A Puritan.
Relations with the Indians.
3. A month later a Wampanoag Indian, named Samoset, ran into the village and bade the strangers welcome; friendly relations were soon established with the Wampanoags. Massasoit, the sachem of the nation, was invited to visit Plymouth. The Pilgrims received him with much ceremony, and then and there was ratified the first treaty made in New England. This treaty remained inviolate for fifty years. Other chiefs followed the example of Massasoit. Nine of the tribes acknowledged the English king. One chief sent to William Bradford, who succeeded Governor Carver, a bundle of arrows wrapped in the skin of a rattlesnake; but the governor stuffed the skin with powder and balls and sent it back to the chief, who did not dare to accept the challenge.
4. The summer was unfruitful, and the Pilgrims were brought to the point of starvation. New immigrants, without provisions or stores, arrived, and were quartered on the colonists during the winter. For six months the settlers were obliged to subsist on half allowance. At one time only a few grains of corn remained to be distributed, and at another there was absolute want. Then some English fishing-vessels came to Plymouth and charged the colonists two prices for food enough to keep them alive. The new immigrants remained at Plymouth until the summer of 1622, then removed to the south side of Boston harbor and founded Weymouth.
5. The summer of 1623 brought a plentiful harvest, and there was no longer any danger of starvation. The natives became dependent on the settlement for corn, and brought in an abundance of game. At the end of the fourth year, there were a hundred and eighty persons in New England. The managers, who had expended thirty-four thousand dollars on the enterprise, were discouraged, and proposed to sell out their claims to the colonists.
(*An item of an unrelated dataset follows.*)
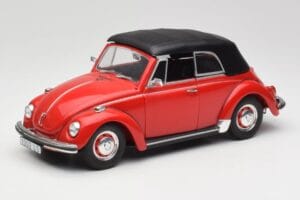 Volkswagen 1302 LS Cabriolet Röd Revell 1:18 08470 Metall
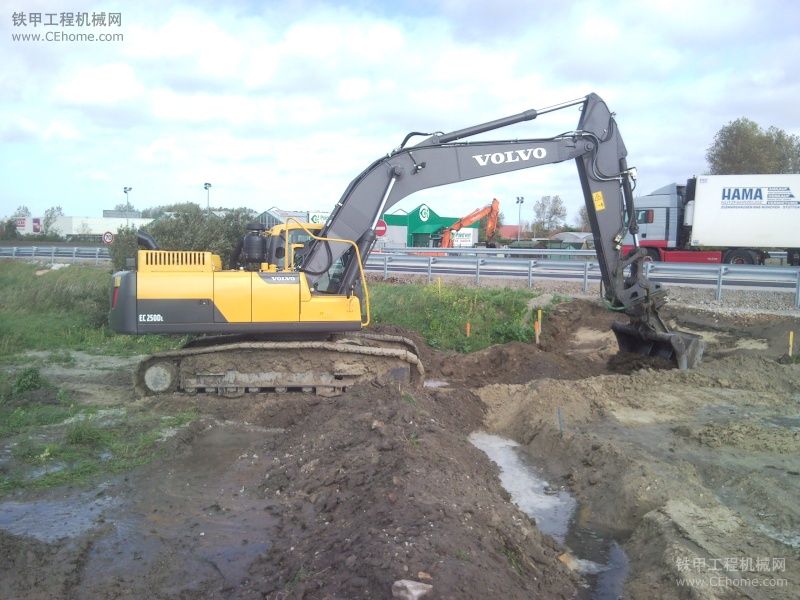 沃爾沃EC250D挖掘機(jī)在西班牙測試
The offer was accepted; and, in November of 1627, eight of the leading men of Plymouth purchased from the Londoners their entire interest for nine thousand dollars.
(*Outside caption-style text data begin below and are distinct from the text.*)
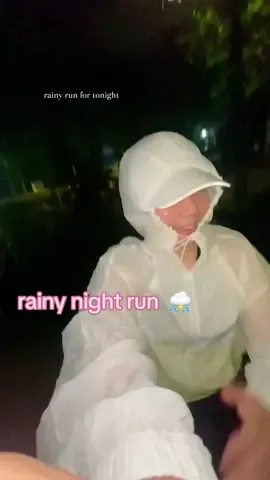 rainy night run kagulo 😅🏃🏻‍♀️⛈️ #fyp #foryou #Running 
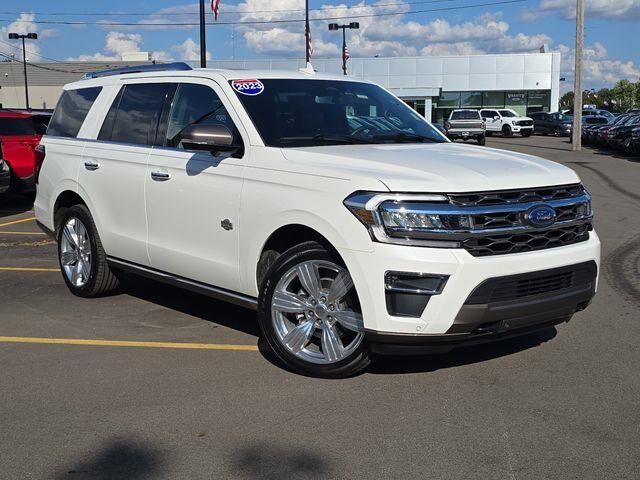 2023 Ford Expedition King Ranch — photo 1 of 26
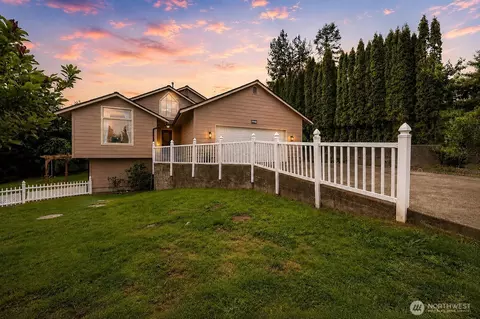 1314 Starlite Ct E, Lacey, WA 98503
6. Before this transfer, the colony had been much vexed by the attempt to set over them a minister of the English Church. They had come to the New World to avoid this very thing. There was dissension for a while. The English managers withheld support; the stores of the colonists were sold to them at three prices; and they were obliged to borrow money at sixty per cent. But the Pilgrims would not yield, and the conflict ended with the purchase of the proprietors' rights in the colony.
Government of the Colonies.
7. In 1624 a settlement was made at Cape Ann, but after two years the cape was abandoned; the company moved farther south and founded Salem. In 1628 a second colony arrived in charge of John Endicott, who was chosen governor. In 1629 Charles I. issued a charter by which the colonists were incorporated under the name of The Governor and Company of Massachusetts Bay in New England. In July two hundred immigrants arrived, half of whom settled at Plymouth, while the other half removed to the north side of Boston harbor and founded Charlestown.